Even the poorest among us can be rich in giving

Published March 1, 2003

IN many of the addresses I have made, interviews I have given, and questions I have answered during the past months while the residential schools issue was focused on the agreement with the government and the request for the whole church to become involved, I have spoken of the reality that the majority of Canadians, including the majority of Anglicans, have not had significant contact with aboriginal people.

As well, I have often referred to the fact that I grew up in a city where there was an aboriginal community within two miles of my home, but until I was an adult (indeed, until I was a priest!) I had not met an aboriginal person.

Recently, I was telling that story to a person who grew up in the same part of the city, and at the same time, as I.

She had another story to tell – a fascinating glimpse into the life of wartime Canada and into the aboriginal spirit.

During the Second World War, among the realities of life were ration books. Especially in the shopping for food, this reality impinged very directly on life in every household. One of the rules about ration books was that the coupons had to be taken from the books only after the date on the coupon, and that they had to be removed by the grocer.

In fact, even as a boy, I knew that this rule was far from universally observed. My grandparents had great difficulty living within the tea ration. My grandmother, when she had a cup of tea at the tram station, always wrapped the teabag in a napkin and took it home.

So our household, less committed to tea, gave her coupons for tea in exchange for other things, especially butter and sugar. Presumably my mother and my grandmother dealt with grocers who winked at the law.

But the story I heard recently concerned a meat market in the same shopping street where I grew up. The person telling the story was a member of the butcher’s family and remembered the participants.

And the story was: one day a woman from the reserve came into the butcher’s store with a bag of coupons for meat. She said that the people on the reserve did not need them because they ate only fish, never meat. So they had decided to contribute the coupons to people who might need them.

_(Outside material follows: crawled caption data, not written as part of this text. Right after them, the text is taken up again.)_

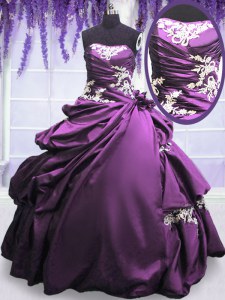Purple Ball Gowns Strapless Sleeveless Taffeta Floor Length Lace Up Appliques and Pick Ups Vestidos de Quinceanera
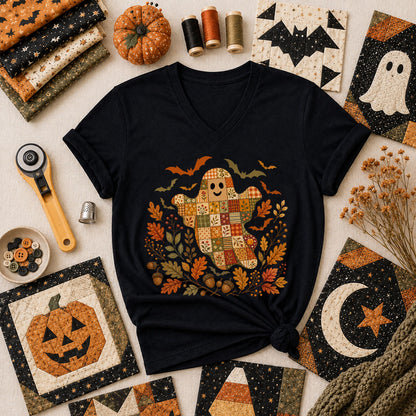 Cute Fall Patchwork Ghost With Bats Women's V-Neck - Black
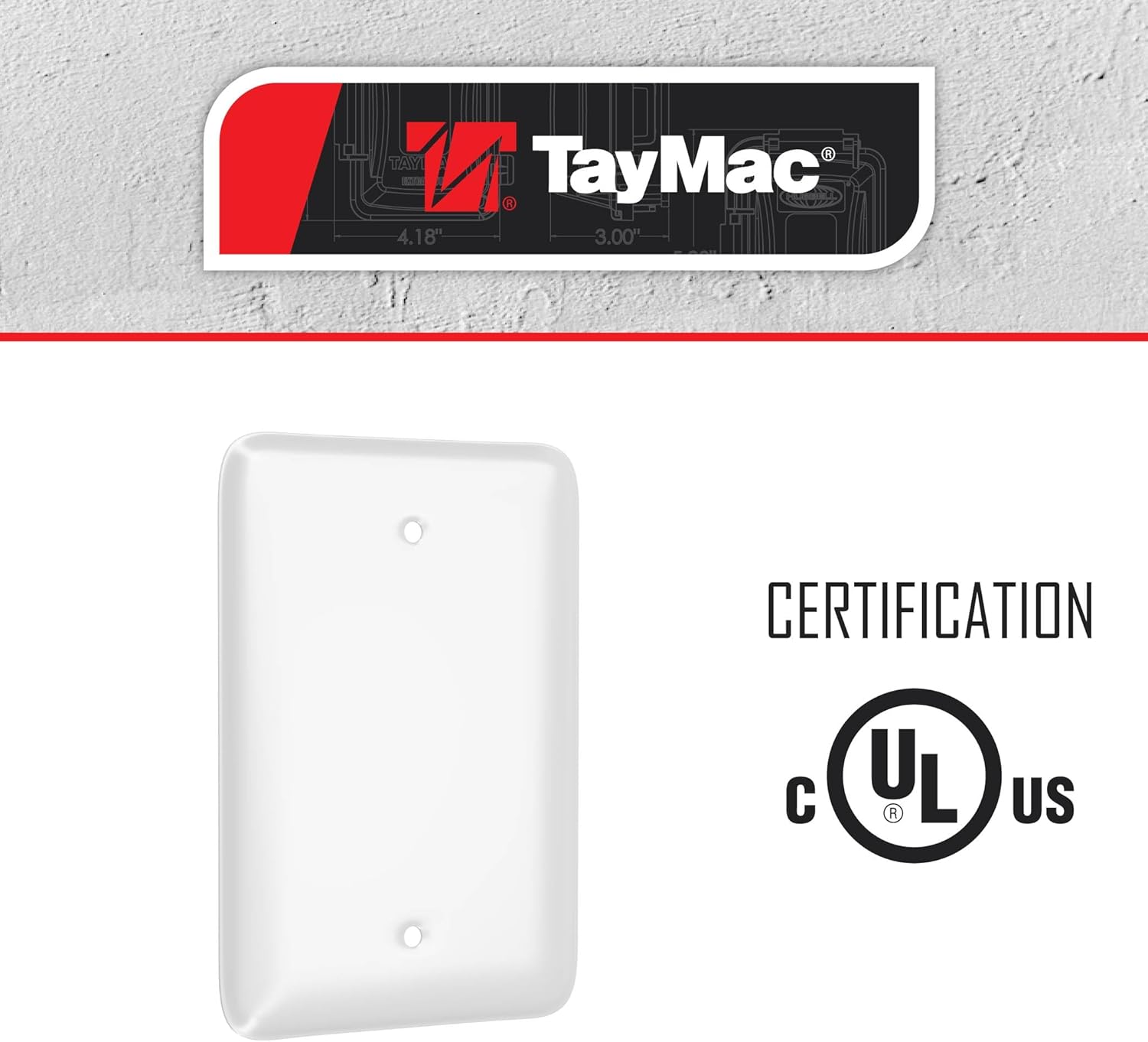 Smooth Metal Maxi Blank Wall Plate in White for 1-Gang Outlets - TayMac WMW-B, Outlet Cover with Screws for Electrical Device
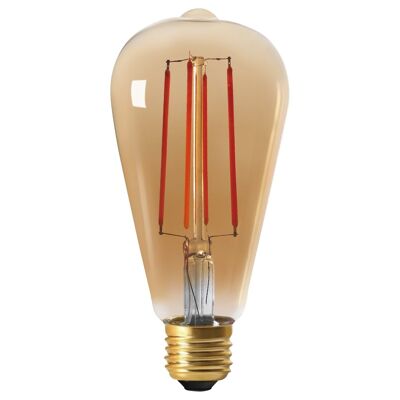 Ampoule LED Vintage 8W E27 ambre D6,4cm H14,3cm dimmable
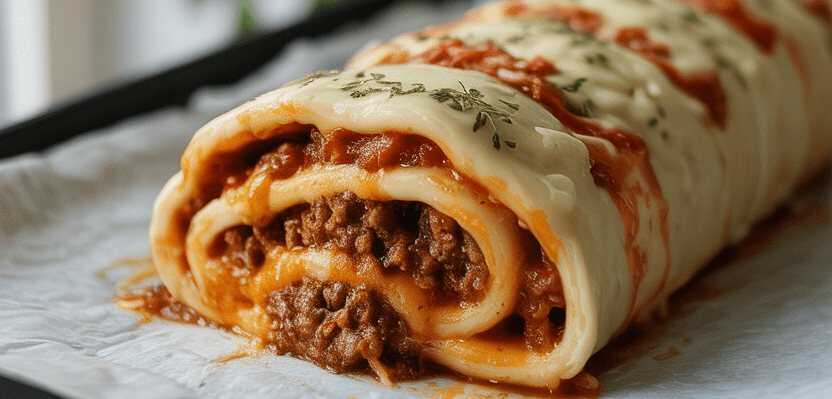 1 Paket Pizzateig eingerollt mit Hackfleisch in 10 Minuten im Ofen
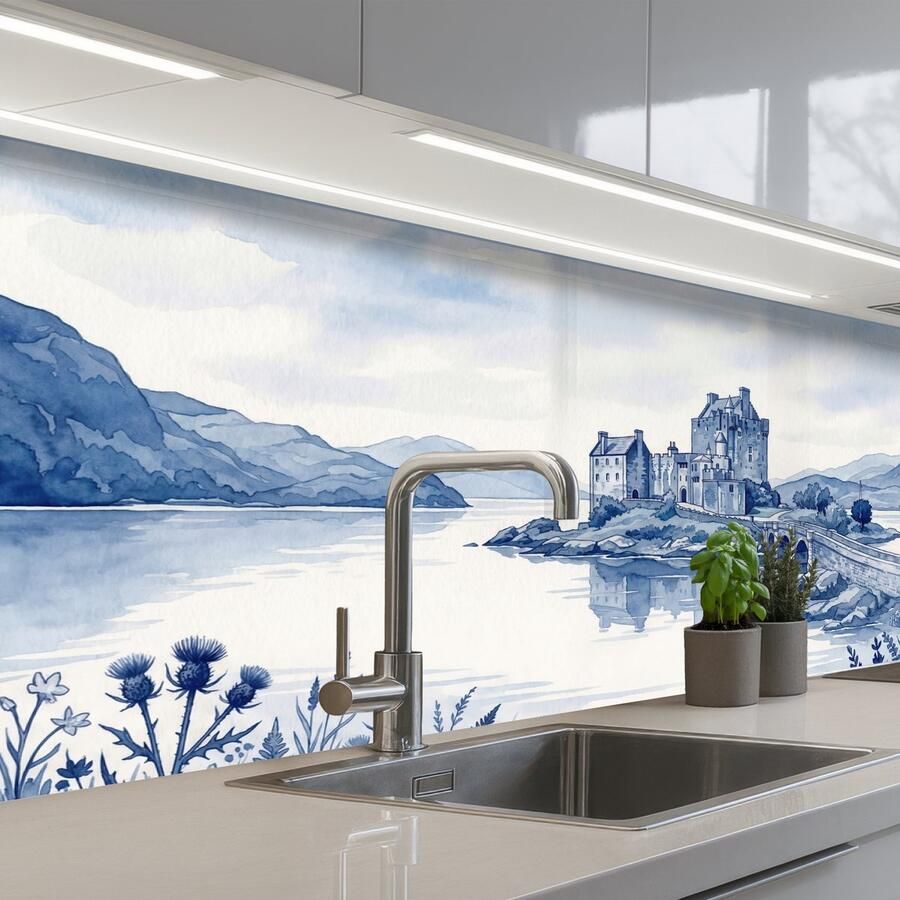KitchenYeah Keuken achterwand 150x80 cm Spatscherm zelfklevend Schots Kasteel Blauw Aquarel Muurbeschermer Spatwand fornuis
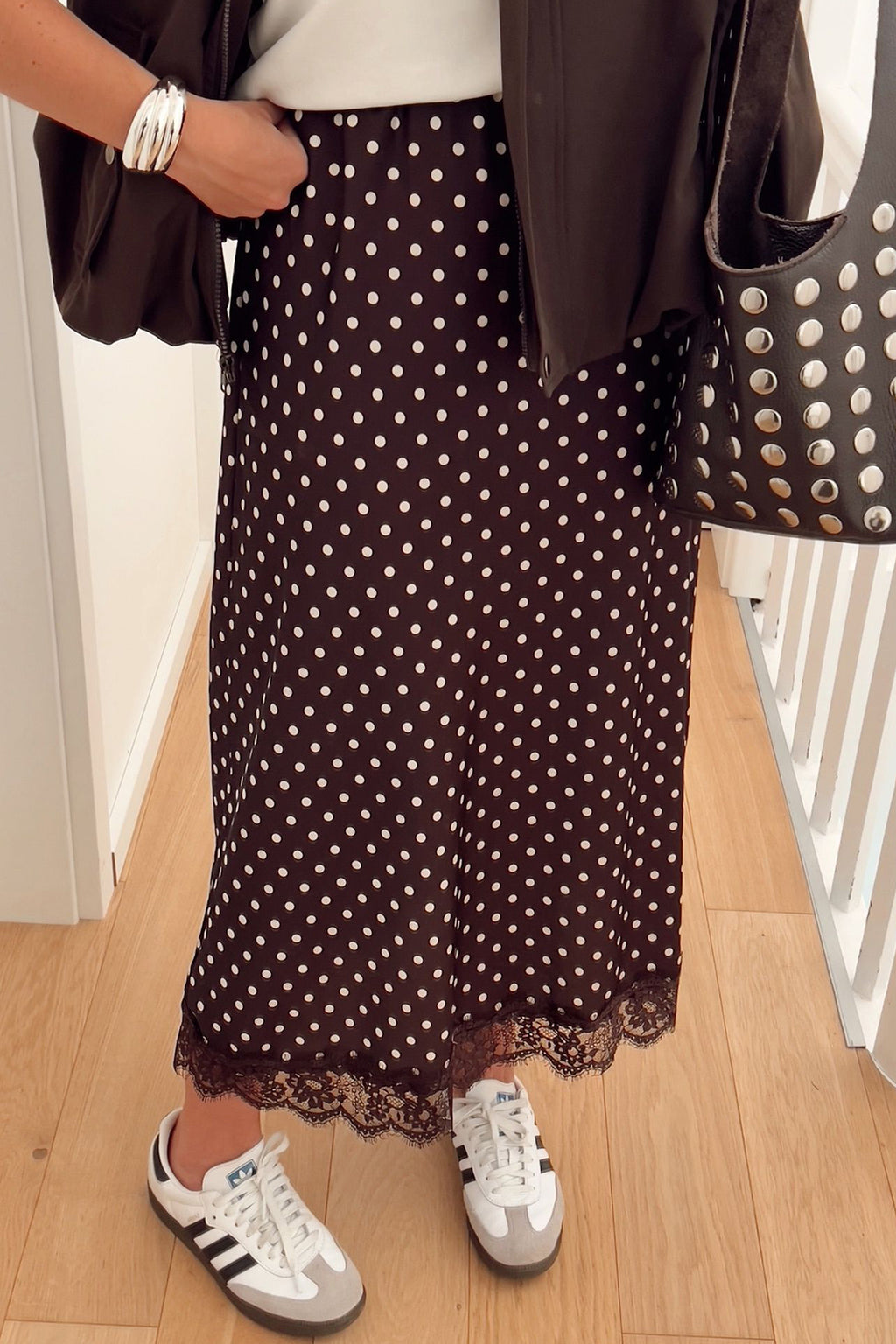 Khaki Polka Dot Lace Hem Elegant Long Shift Skirt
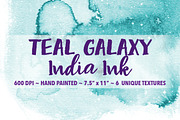 Teal Galaxy India Ink Backgrounds, a Texture Graphic by M. by mprintly (Thumbnail 1 of 6)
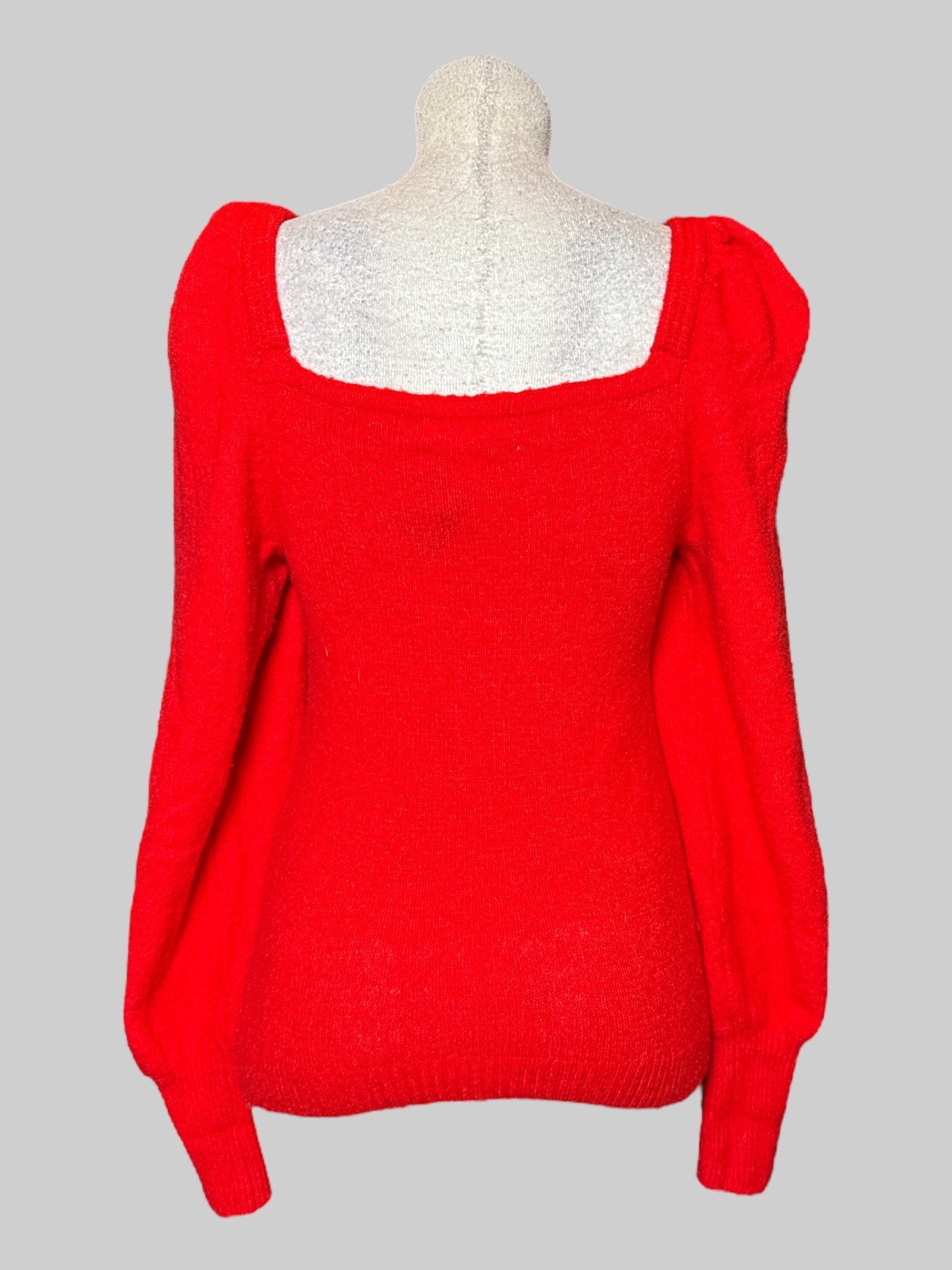L H&M red knit long sleeve sweater with square neckline and puff sleeves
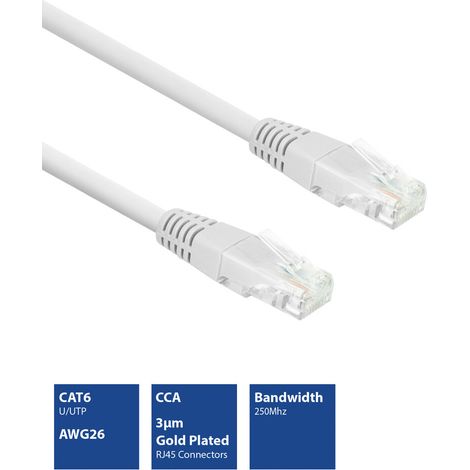 Eminent - Cable de red U/utp Cat6 / 5 m / Blanco / M-m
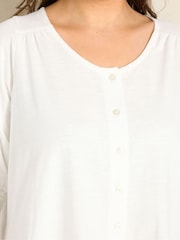 Evans Cream Slub Button Through Top - Image 4 of 5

The easiest way to do that was to collect them and take them to the butcher, who was most likely to know which families needed them most.

Obviously, as they did not buy meat, the people from the reserve would be unknown to the butcher. But he clearly was impressed enough to tell his family about it. When I heard the story, my mind went to Jesus’ words about giving alms (Matthew 6:3), “When you give alms, [do it] so that your alms may be done in secret.”

This gesture of 60 years ago had to be done in secret – it was, in fact, as illegal (and as common) as the transactions between my mother and her mother-in law.

But it was the giving of alms in every biblical sense. And from a community whose living standards 60 years ago qualified them unequivocally as poor.

Alms from the poor to the rich. Archbishop Michael Peers is primate of the Anglican Church of Canada.